Data provided START

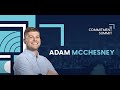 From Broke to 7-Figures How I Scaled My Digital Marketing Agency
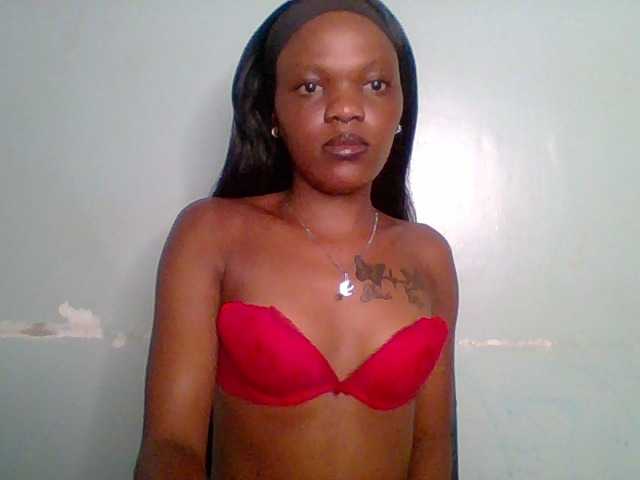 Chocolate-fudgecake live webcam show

Data provided END
Data provided START

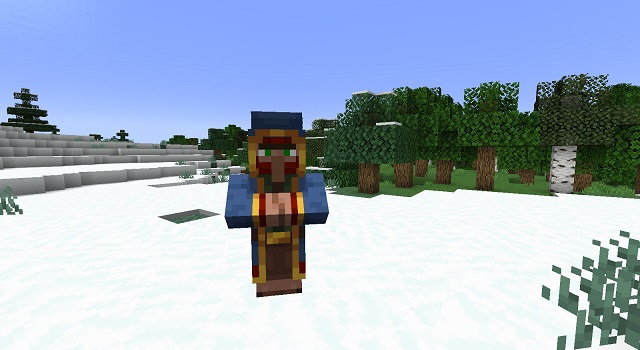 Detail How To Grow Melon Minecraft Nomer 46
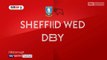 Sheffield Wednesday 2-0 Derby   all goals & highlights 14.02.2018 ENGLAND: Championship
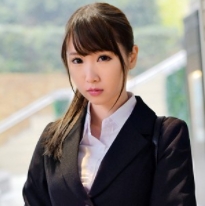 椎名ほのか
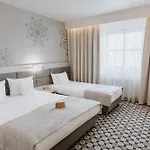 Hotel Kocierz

Data provided END
Data provided START

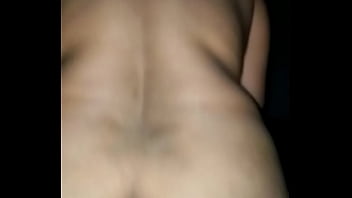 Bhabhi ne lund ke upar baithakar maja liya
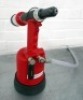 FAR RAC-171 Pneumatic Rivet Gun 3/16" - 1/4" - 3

Data provided END

» **Exercise objective**: The data above holds the lines to copy: start at the one with "From Broke to", stop at the one with "Chocolate-fudgecake live webcam show", include both, copy them exactly without pictures, and copy nothing else.

» **Exercise solution**:
 From Broke to 7-Figures How I Scaled My Digital Marketing Agency
 Chocolate-fudgecake live webcam show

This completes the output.